The Kinetica 1-Y5 rocket lifted off at 12:03 pm from the Jiuquan Satellite Launch Center in the Gobi Desert and carried the satellites to their preset orbit, the company said in a news release.
The "Y5" in the designation code means it is the fifth in the rocket series.
Among the satellites launched by the rocket, the IRSS-1 was designed and built by the China Academy of Space Technology, a subsidiary of the State-owned space conglomerate China Aerospace Science and Technology Corp, for the Omani space industry startup Oman Lens.
The contract for the satellite's manufacturing and launch service was jointly signed by the China Great Wall Industry, CASC's international business wing, and the Omani company.
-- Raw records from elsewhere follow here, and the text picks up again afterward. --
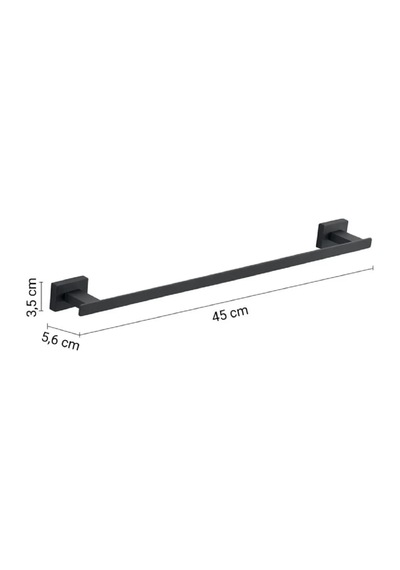 Atena Havluluk, Uzun, 45 Cm - Mat Siyah Mat Siyah
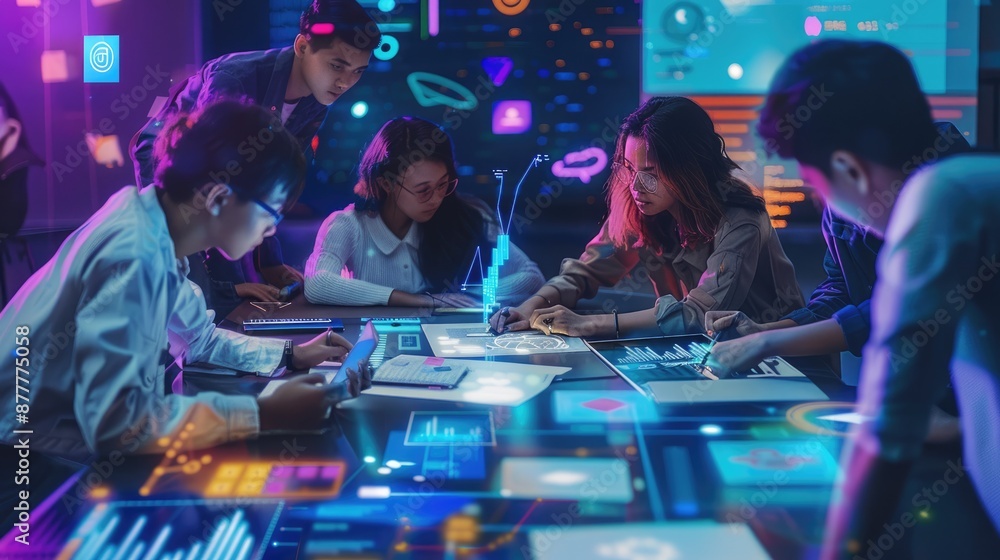 Aufkleber in a futuristic educational environment, children are seen utilizing a touchscreen device with an ai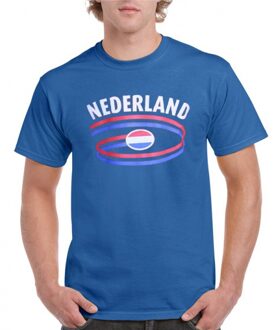 Bellatio Decorations Blauw heren t-shirt nederland l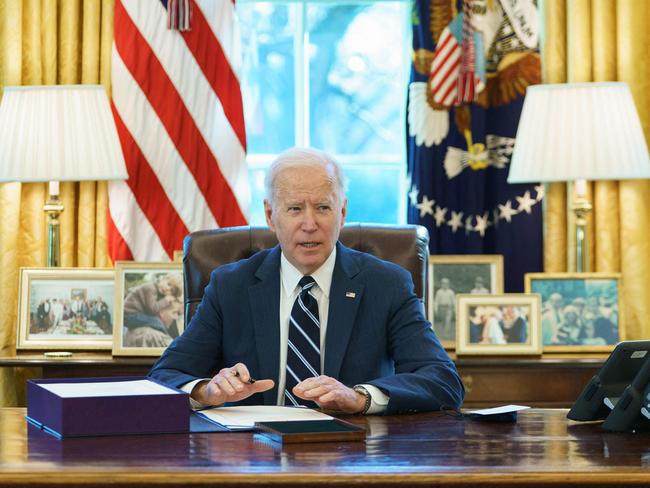 US President Joe Biden speaks before signing the American Rescue Plan on March 11, 2021, in the Oval Office of the White House in Washington, DC. Picture: AFP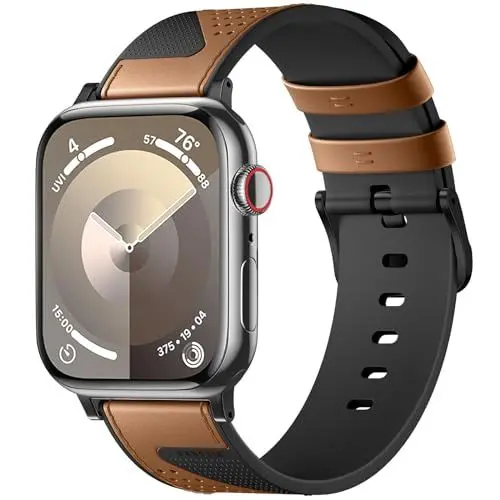 Produktbild: Bandsie Lederarmband Kompatibel mit Apple Watch Armband 45mm 44mm 42mm 49mm, Silikon mit Lederoberfläche Business und Fashion Ersatzarmband für iWatch SE/Ultra/Series 9 8 7 6 5 4 3 2 1, Braun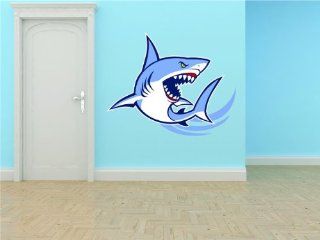 PRESCHOOL CLASSROOM Angry Shark Fish Wall   Best Selling Cling Transfer Decals Vinyl Peel & Stick Stickers Picture Art Mural Kids Boy Girl Color 506 Size  18 Inches X 24 Inches   22 Colors Available   Wall Decor Stickers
The IRSS-1 is equipped with artificial intelligence-enable computing apparatus that can process data and images in orbit, according to its designers.
The satellite is tasked with collecting data and images for land mapping, urban construction planning, forestry resources survey and disaster monitoring for the Middle Eastern nation.
The Kinetica 1 series conducted its debut flight at the Jiuquan spaceport in July 2022, making it the country's largest and most powerful solid-propellant rocket at the time.
The rocket has a length of 30 meters and a liftoff weight of 135 metric tons. It is capable of sending satellites with a combined weight of 1.5 tons to a typical sun-synchronous orbit about 500 kilometers above Earth.
To send the 15 satellites, CAS Space mounted a larger payload fairing, which holds and protects the spacecraft carried by a launch vehicle.
The payload fairings of the four previously launched Kinetica 1 rockets all had the same diameter of 2.65 meters. On the Kinetica 1-Y5, the diameter is 3.35 meters.
As of now, Kinetica 1 rockets have deployed a combined 57 satellites in space, boasting a 100-percent success rate.
CAS Space has begun to develop a new rocket, Kinetica 2, and plans to conduct its maiden flight in September 2025.
The Kinetica 2 will be a medium-lift, liquid-fuel rocket. The 53-meter new model will consist of a multistage core booster, which will have a diameter of 3.35 meters, and two side boosters.
It will have a liftoff weight of 628 tons, a maximum thrust of 766 tons and will be able to transport spacecraft with a combined weight of 7.8 tons to a sun-synchronous orbit or 12 tons to a low-Earth orbit.
After entering service, the Kinetica 2 will be used to transport the Qingzhou-series cargo spacecraft, which is now being developed at the Innovation Academy for Microsatellites of the Chinese Academy of Sciences, to China's Tiangong space station, according to CAS Space.